March 11, 1954
Over at the Pentagon, there was controlled panic. Army Counsel John Adams called Army Secretary Robert Stevens at 9:40 a.m. to tell him that Senator Potter was, at that moment, reporting to Defense assistant secretaries Fred Seaton and Struve Hensel about a meeting which the Republicans, including senators Knowland and Bricker, had held “with Joe in secret last night.” Potter had taken his copy of the forthcoming report on the privileges sought for Roy Cohn’s boyfriend, Army Private G. David Schine, to the meeting. According to John Adams, the senators had “laid it on pretty violently” with McCarthy, recommending he fire a staff member (presumably Cohn), and pressuring McCarthy “to get off the Army’s neck.” Neither Stevens nor Adams knew the precise plans or when the report would be released; they were not in the inner circle with Seaton and Hensel. Army Counsel John Adams was skeptical. “I have a personal feeling,” he said, “that it will never see the light of day.”

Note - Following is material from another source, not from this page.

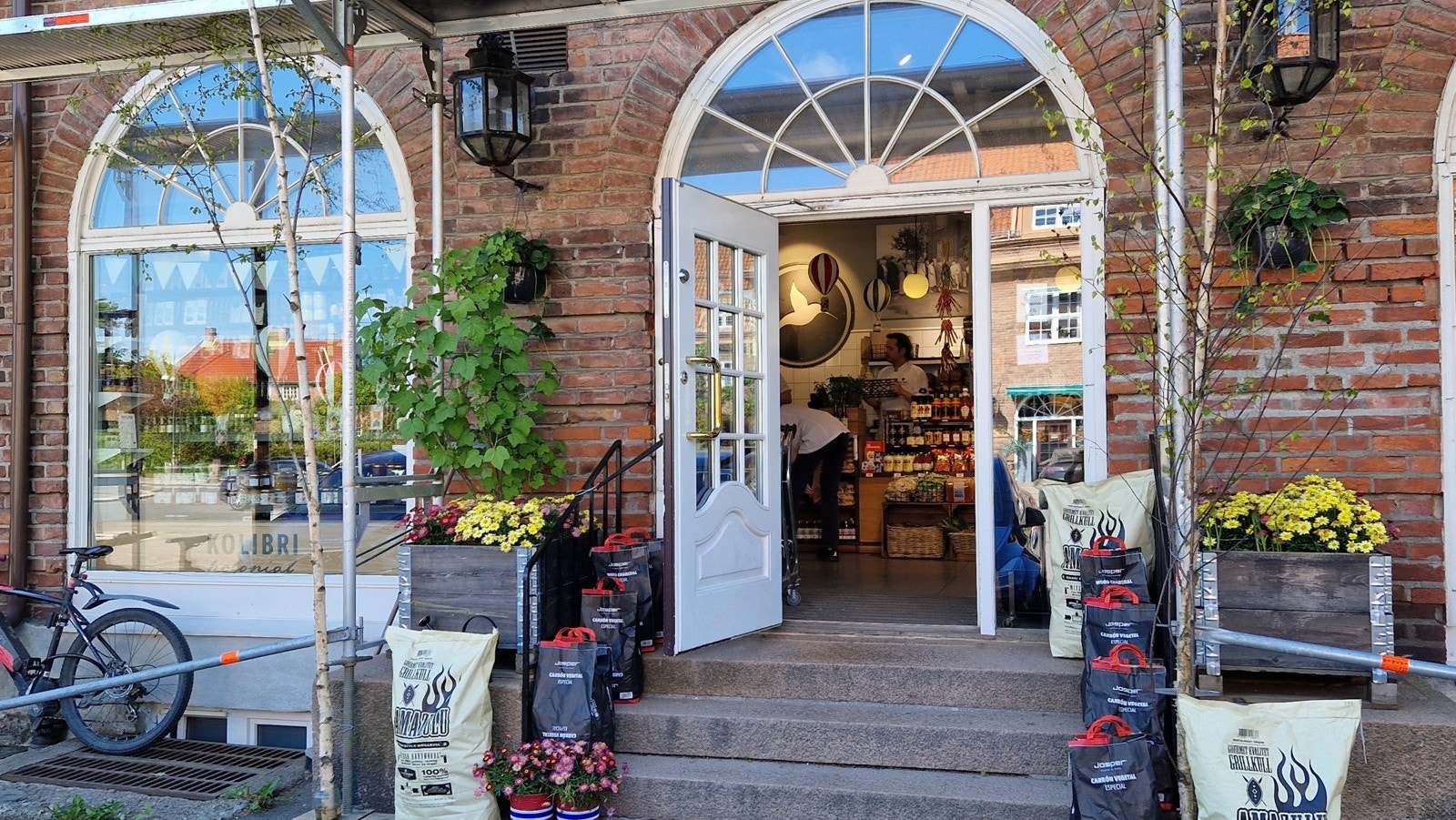 Ullevål Hageby med Damplassen byr på nisjeforretninger som Kolibri og gode boller på Åpent Bakeri Galleribilde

That meeting with Republican senators had gotten Joe McCarthy’s attention. About 1:30 p.m., he called Fred Seaton. Instead of yielding to the pressure to fire Cohn, McCarthy had decided to launch a counter attack. Reflecting on his luncheon with Secretary of Defense Charles Wilson, McCarthy argued that Wilson “should get [the] full story” by hearing McCarthy’s perspective; “I called you to get all of the story.” Seaton smoothly replied, “You have no argument with me on this.” He added, “The Secretary had nothing to do about putting out [the] report.”
That conversation reinforced what Seaton had already decided – it was imperative to get the report out this day – March 11, 1954 – as planned. McCarthy knew too much and might manage to mitigate its impact. Seaton, the smooth operator, knew just what to say; he told the senator he would “personally guarantee” that McCarthy’s request to include additional material would be passed on to his superiors and that such information would be available “for inclusion by tomorrow.” Seaton knew that by tomorrow it would be too late.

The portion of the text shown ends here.